Bracing for the worst

STEVE MACFARLANE, SUN MEDIA

, Last Updated: 9:28 AM ET

Let's be honest: The New York Islanders are no San Jose Sharks.

So how do you go from an emotional victory over the league's best team to a date with the league's worst performer 48 hours later and avoid a letdown?

Calgary Flames head coach Mike Keenan says it started in practice yesterday as his Flames prepared for tonight's tilt against the Isles.

"Well, we began addressing it today in trying to drive the tempo of our practice up and have a sense of urgency in the practice so that those instincts will surface tomorrow as we go into the game," said Keenan after putting his charges through a short but fast-paced and competitive practice at the Saddledome.

The 'trap' games are no myth. It's been seen in every sport time after time, and is as much emotional letdown as it is physical fatigue following a big win.

"There's also the possibility, or has been, for any athlete to have an emotional letdown after a big series or big game, and divisional games," said Keenan. "But I think that our team looked fresh today, looked prepared, and are preparing for tomorrow's game."

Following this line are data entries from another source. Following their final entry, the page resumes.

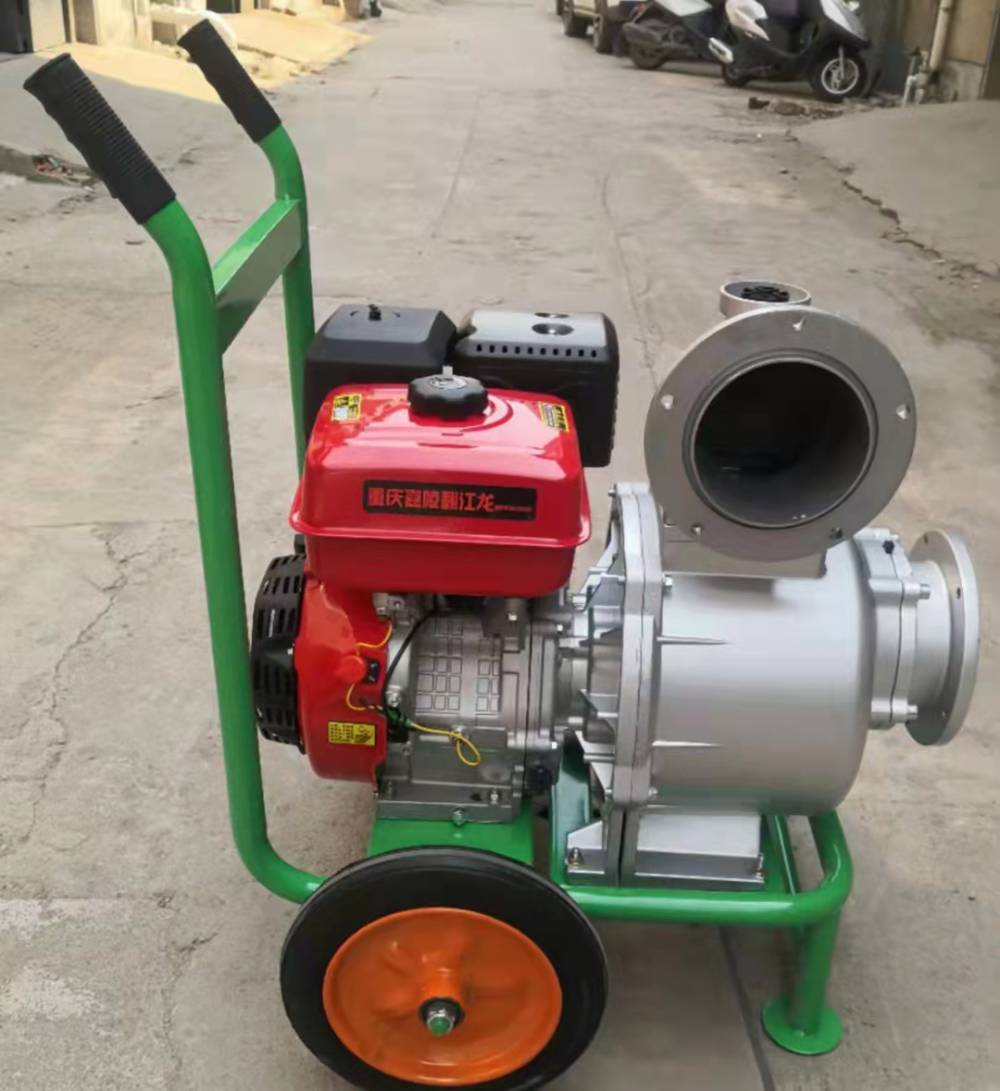 【6寸电启动污水泵手推轻便汽油自吸泵高扬程浇地抽水泵】视频介绍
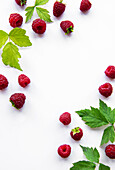 Frische reife Bio-Himbeeren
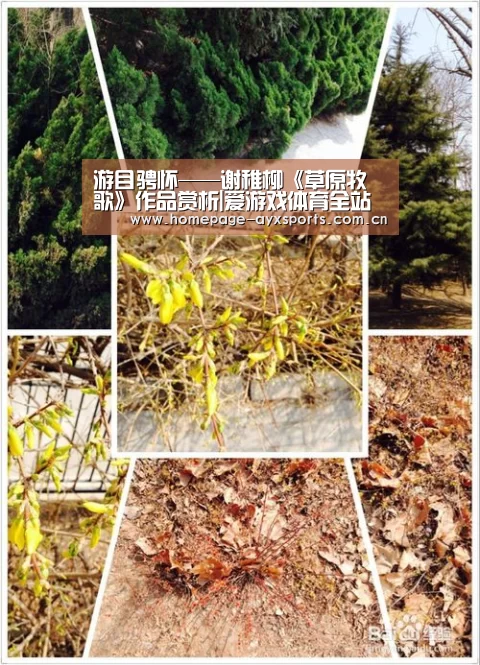 爱游戏官网
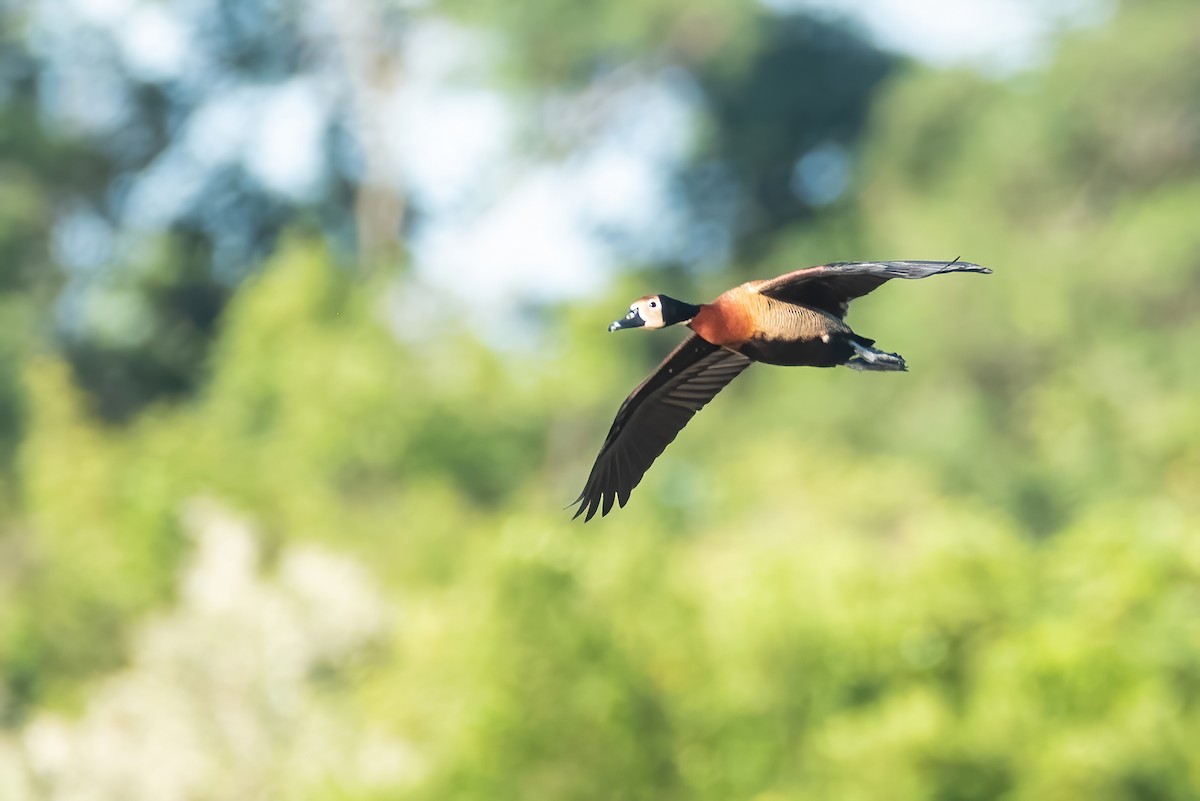 White-faced Whistling-Duck - ML627022323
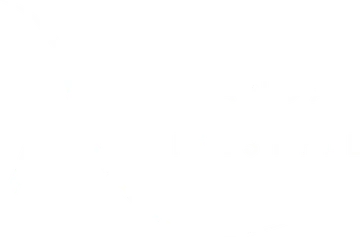 Amanda Lifestyle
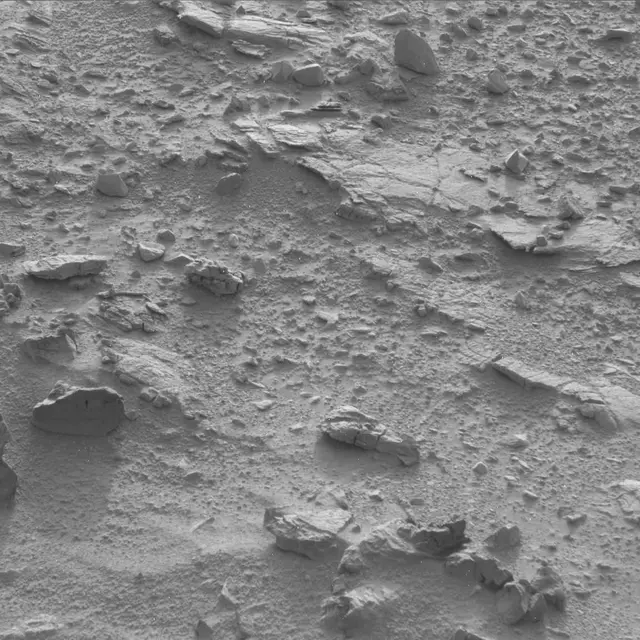 Sol 60: Mast Camera (Mastcam)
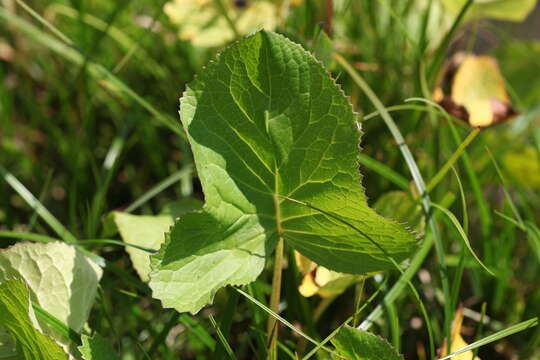 Image of Ligularia subsagittata Pojark.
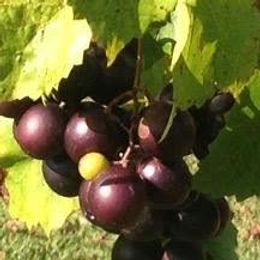Cowan Farm and Vineyard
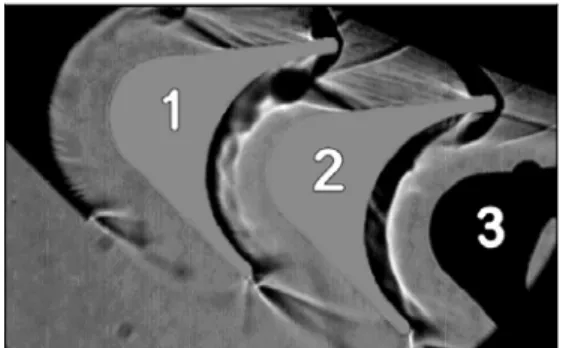 Fig. 14 Turbine cascade flow separation at  ϕ = 18.78 o ,  P T0  = 1000psi (Shadowgraph image) 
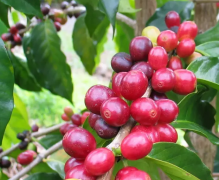 The traditional way of drinking coffee in Ethiopia Ethiopia, the world's most diverse coffee producer.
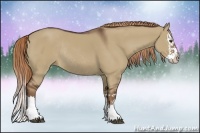 Horse Color:Liver Red Dun Sabino Splash Rabicano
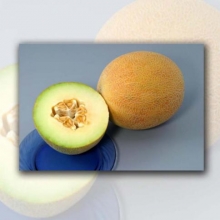 Дыня Гурмет F1 - ООО «Семена Тут»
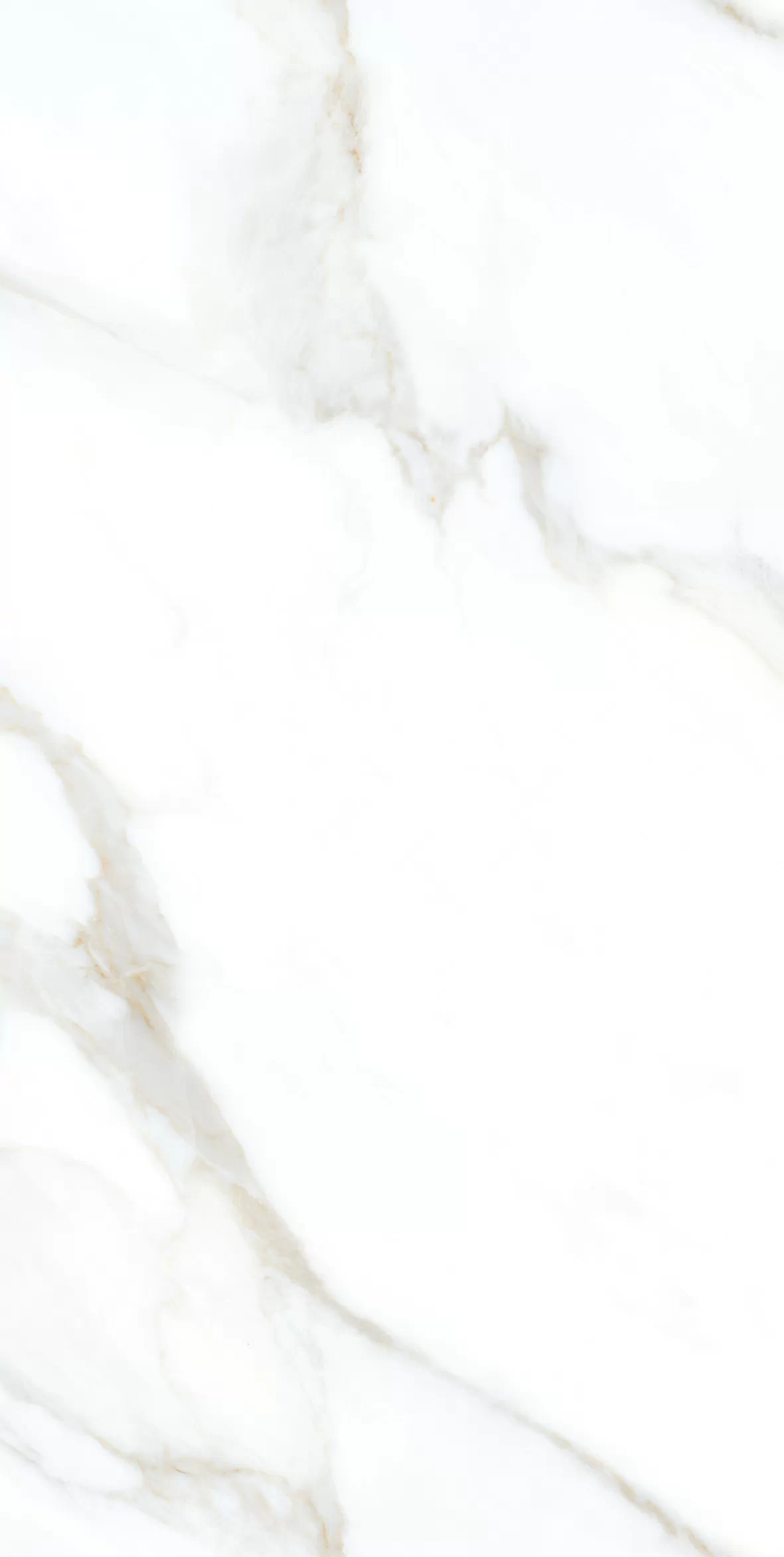 Керамогранит Clear White Grit Granula 60x120
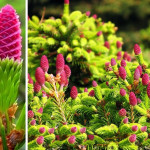 Миниатюра 2. Ель обыкновенная 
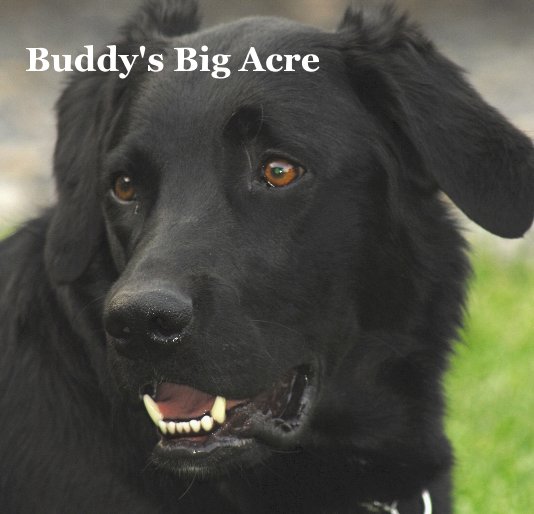View Buddy's Big Acre by Original Story by Wanda Brown adapted by Karleen Gansberg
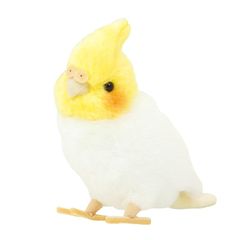 吉徳ことりのね オカメインコ 180092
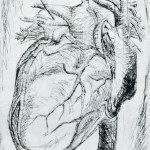 How My Heart Behaves, Plate 1/3, Etching, 16"x12", 2011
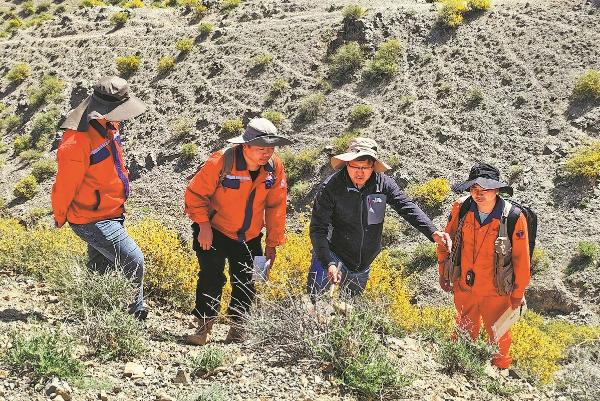 Geologists from the No 6 Geological Team of the Shandong Provincial Bureau of Geology and Mineral Resources conduct tungsten ore exploration in Jinghe county, Xinjiang Uygur autonomous region, in 2025. The team has expanded its search from gold to associated tungsten deposits, which often occur in the same geological settings. (Photo provided to China Daily)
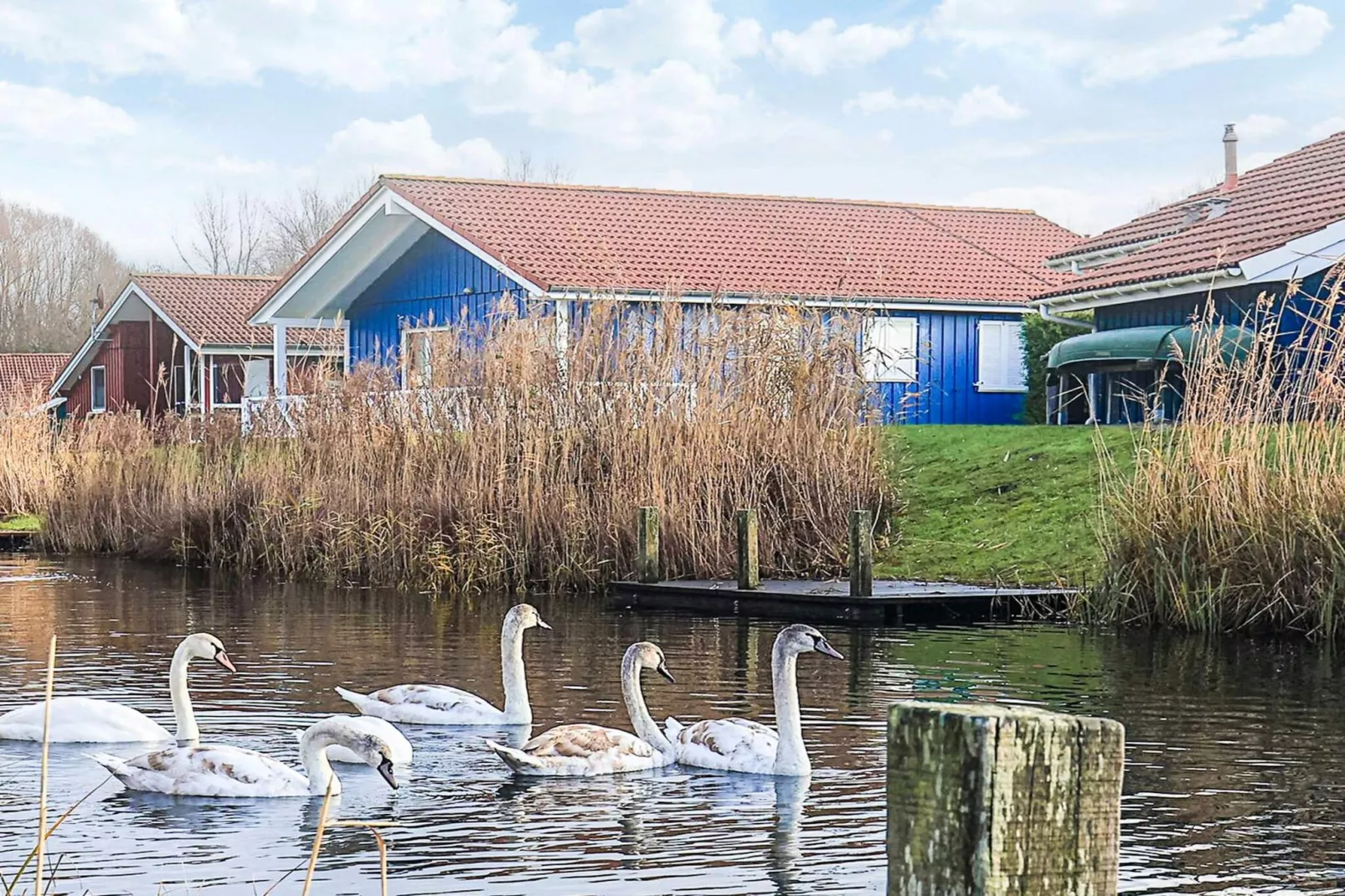 4 sterren vakantie huis in Ottendorf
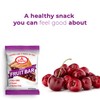 Betty Lou's Fruit Bars, Cherry Pack of 12, Gluten Free,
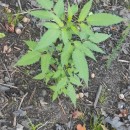 Bidens frondosa L.Bidens frondosa L.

The Islanders are coming in cold, winning just twice since November, but they gave the Edmonton Oilers trouble in the early going of Monday night's match, jumping to a 2-0 lead before watching it slip away at Rexall Place in a 3-2 Oilers comeback victory.

Still, the Flames know better than to take them lightly.

"There are no easy games in this league, regardless of who you're playing," said Keenan. "There's always capable players and pride at stake, and competitive instincts that surface during every contest. We have to be ready for it, and I expect we will be ready for it."

Two minutes for fighting?

One of the hottest topics following the Flames' 5-2 win over the Sharks was the sequence between Alexei Semenov and Andre Roy, who fought twice in a matter of minutes but only sat in the bench for four apiece.

The first one was over quickly as they fell to the ice in a heap.

So, with pride on the line, they dropped gloves right after getting back out onto the ice.

After winning the decision with a strong left to Semenov's face, Roy couldn't believe the pair was again hit with co-incidental minors for roughing.

"When I saw the two again, I started laughing. It was like, 'Is he kidding me?' " said Roy. "I don't know man, if that's a roughing (penalty), I'll take a lot more."

The Flames tough guy figures it was a personal thing between himself and ref Bill McCreary, who Roy said "hates" him.

"Everyone has been talking about this, how it's such a joke and it's kind of an embarrassment to me, I guess," Roy said. "Probably, he just wanted to make me look bad."

CLUB INKS JUNIOR STAR AULIE

Fresh off a gold-medal performance at the world junior championships, defenceman Keith Aulie added some more to his bounty by signing an entry-level deal with the Calgary Flames.

Picked in the fourth round, 116th overall in the 2007 NHL draft, the 6-foot-6, 217-lb. Brandon Wheat Kings captain had one assist in five games with Team Canada at the world juniors.